*** Block opens ***

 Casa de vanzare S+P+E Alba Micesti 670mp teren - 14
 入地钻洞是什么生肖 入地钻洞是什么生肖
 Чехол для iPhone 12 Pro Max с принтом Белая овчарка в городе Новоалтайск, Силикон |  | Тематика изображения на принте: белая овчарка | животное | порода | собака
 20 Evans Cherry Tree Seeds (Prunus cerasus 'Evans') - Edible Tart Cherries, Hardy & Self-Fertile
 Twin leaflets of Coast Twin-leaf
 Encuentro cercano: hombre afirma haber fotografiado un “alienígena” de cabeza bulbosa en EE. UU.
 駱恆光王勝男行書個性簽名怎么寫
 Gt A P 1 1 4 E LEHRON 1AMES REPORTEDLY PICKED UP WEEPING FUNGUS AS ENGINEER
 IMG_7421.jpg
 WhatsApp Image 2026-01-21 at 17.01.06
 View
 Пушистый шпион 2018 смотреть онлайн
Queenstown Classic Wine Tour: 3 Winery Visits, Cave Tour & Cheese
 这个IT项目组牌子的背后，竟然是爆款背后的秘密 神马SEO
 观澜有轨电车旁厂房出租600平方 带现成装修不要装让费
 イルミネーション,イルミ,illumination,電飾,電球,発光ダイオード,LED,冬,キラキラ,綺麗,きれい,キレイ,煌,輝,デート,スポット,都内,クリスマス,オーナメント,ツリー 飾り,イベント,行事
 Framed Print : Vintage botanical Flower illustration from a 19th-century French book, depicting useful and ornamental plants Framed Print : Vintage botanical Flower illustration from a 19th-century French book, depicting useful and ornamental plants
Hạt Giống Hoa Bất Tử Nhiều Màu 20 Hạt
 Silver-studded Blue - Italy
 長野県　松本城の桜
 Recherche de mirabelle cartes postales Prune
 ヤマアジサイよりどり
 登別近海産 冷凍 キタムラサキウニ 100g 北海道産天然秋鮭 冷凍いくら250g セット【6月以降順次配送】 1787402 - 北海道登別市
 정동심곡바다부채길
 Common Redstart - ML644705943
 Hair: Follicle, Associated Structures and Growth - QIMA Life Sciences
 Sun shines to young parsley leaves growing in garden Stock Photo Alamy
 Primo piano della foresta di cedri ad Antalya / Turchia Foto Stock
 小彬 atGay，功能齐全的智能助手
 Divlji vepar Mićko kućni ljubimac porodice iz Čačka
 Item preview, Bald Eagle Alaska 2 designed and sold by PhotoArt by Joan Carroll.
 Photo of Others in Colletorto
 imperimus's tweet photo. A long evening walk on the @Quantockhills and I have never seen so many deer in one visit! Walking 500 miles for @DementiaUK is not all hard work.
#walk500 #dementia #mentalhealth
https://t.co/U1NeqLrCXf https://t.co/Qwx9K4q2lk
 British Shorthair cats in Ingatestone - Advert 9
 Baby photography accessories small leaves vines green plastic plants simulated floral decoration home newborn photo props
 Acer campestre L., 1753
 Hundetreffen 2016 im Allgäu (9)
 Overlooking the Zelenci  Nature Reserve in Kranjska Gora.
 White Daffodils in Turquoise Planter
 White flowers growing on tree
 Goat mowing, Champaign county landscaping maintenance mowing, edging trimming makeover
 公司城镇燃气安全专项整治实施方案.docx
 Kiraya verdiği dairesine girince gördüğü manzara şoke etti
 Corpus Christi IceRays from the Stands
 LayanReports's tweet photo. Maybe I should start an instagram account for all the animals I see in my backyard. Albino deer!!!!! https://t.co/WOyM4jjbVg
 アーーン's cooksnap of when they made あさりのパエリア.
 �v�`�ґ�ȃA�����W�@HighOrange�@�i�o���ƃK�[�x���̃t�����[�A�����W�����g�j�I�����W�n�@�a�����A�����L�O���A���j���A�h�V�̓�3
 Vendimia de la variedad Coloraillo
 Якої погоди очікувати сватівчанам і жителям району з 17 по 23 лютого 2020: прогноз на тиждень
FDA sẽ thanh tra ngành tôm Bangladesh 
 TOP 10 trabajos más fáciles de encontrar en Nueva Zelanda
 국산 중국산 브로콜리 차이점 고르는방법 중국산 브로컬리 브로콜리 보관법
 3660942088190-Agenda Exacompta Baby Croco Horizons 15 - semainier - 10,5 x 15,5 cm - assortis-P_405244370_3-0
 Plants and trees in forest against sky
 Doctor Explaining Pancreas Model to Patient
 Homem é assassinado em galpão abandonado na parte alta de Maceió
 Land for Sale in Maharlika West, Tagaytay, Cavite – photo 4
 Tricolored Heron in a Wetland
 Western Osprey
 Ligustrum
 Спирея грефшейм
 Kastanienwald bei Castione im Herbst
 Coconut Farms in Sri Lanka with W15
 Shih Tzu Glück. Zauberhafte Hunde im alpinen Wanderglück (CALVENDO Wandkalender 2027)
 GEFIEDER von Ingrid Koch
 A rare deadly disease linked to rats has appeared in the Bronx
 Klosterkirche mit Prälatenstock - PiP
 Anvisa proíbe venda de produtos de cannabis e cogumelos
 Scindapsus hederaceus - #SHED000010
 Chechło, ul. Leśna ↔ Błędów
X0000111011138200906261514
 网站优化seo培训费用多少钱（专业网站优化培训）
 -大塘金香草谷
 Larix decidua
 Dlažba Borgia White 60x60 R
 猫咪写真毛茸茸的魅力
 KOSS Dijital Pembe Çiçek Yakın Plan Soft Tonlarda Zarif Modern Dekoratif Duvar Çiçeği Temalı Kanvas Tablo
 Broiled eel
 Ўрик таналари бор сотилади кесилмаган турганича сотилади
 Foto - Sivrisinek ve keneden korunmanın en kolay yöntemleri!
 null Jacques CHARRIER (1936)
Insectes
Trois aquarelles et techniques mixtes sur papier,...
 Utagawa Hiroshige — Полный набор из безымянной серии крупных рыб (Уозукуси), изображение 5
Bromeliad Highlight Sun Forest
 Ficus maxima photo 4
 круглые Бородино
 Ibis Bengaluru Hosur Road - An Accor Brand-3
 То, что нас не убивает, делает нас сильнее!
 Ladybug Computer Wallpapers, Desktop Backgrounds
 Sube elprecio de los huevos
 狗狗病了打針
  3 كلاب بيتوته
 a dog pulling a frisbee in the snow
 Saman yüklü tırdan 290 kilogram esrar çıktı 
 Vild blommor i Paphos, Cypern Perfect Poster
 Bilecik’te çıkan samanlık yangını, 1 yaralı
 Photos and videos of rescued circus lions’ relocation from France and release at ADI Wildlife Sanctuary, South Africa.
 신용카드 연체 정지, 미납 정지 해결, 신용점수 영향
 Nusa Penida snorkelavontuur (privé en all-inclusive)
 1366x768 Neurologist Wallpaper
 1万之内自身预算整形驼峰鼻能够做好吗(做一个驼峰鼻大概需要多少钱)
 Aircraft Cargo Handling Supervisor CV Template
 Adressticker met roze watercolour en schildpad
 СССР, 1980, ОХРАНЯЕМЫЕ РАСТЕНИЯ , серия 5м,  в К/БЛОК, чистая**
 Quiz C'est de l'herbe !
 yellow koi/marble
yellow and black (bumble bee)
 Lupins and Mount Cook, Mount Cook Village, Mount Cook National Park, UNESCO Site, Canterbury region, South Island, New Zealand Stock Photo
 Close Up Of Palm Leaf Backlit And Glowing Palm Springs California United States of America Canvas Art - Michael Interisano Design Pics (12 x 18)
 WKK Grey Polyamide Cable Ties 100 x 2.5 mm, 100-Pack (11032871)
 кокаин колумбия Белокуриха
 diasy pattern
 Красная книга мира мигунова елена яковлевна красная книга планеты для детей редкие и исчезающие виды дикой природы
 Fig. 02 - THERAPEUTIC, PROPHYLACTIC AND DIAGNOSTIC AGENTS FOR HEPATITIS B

*** Block closes ***

**Exercise directions:** Work through the data above and give the number of lines in which "from" appears; add nothing else.

**Result:** 3